1. All Aboard The Stimulus Express
China has signaled its intentions to open its wallet once more and cough up an estimated $296.21 billion stimulus package to offset Q4’s dismal trade and manufacturing data. It’s a good thing the world’s second largest economy has such deep pockets!
So far, monetary stimulus has done little to save China from the ravages of its trade war with the US and now President Xi Jinping is looking to get a bit more forceful with the reigns of the economy.
Analysts are murmuring about sizeable cuts in taxes and fees and even larger endowments for local governments to spend on infrastructure projects to drag China out of its downward growth spiral. While positive developments in trade war talks have boosted Asian markets from their October lows, the damage done to international trade will have a lingering effect on the region.
The stimulus package is predicted to add roughly 0.46% to GDP, benefiting China’s construction, manufacturing, and basic materials producers the most. The goal is to generate growth in small and medium sized businesses through targeted lending without flooding the economy and putting pressure on its currency.
China had a rough 2018, but President Xi is taking the gloves off in 2019. The stimulus express has left the station. Next stop growth?
2. US Auto Comeback
Amidst extensive skepticism about a weak macro environment, the US auto market is making a considerable comeback in 2019 with both GM and Ford entering new bull markets. Now that’s the American muscle we like to see!
Despite a persistent chorus of analysts shouting down the prospects of a growing US automotive industry, Ford and GM have managed to snatch back 21% and 23% respectively from their December lows.
GM managed to silence the naysayers expecting dismal guidance numbers from US firms by posting a positive outlook for 2019 last Friday and bouncing 7% on the day to cap off a strong week.
The recent bout of auto optimism has also been fueled by a budding relationship between Ford and VW on innovative commercial, electric and self-driving vehicle solutions in the pipeline.
The collaboration is set to save both firms billions of dollars every year and may be the X-factor that helps the US automotive industry weather the persistent effects of the trade war and slowing global growth.
Positioned a long way off their 52 week highs, both companies still have extensive upside potential should investors start believing in American muscle again. Long may the comeback last!
Today we are watching…
1. JP Morgan Chase (#jpm)
JP Morgan is the next big bank on the chopping block to report earnings after Citi published better than expected results yesterday. The consensus in the market is mixed with some expecting a neutral outcome while others are banking on it to outperform. Citi’s lower bond trading figures will worry the trade-heavy JP Morgan, but at the moment the outcome is anyone’s guess!

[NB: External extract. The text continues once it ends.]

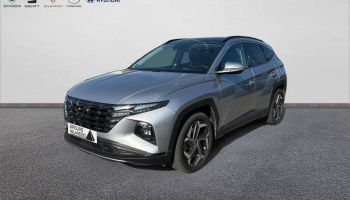 13730 : Hyundai Marignane - Cap Milanesio - HYUNDAI TUCSON Executive - TUCSON IV - Gris - Boîte automatique - Essence / Courant électrique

2. Delta Air Lines (#delta)
The highly-anticipated release of Delta’s earnings data is on the cards for today and airline investors will be watching closely. With competitors slashing revenue estimates towards the end of the year and Bank of America’s recent ratings downgrade from buy to neutral, things are looking grim for Delta. The consensus earning per share estimate is $1.27 and revenue is $10.77bn. Let’s see if Delta can pull a positive outcome out of the bag!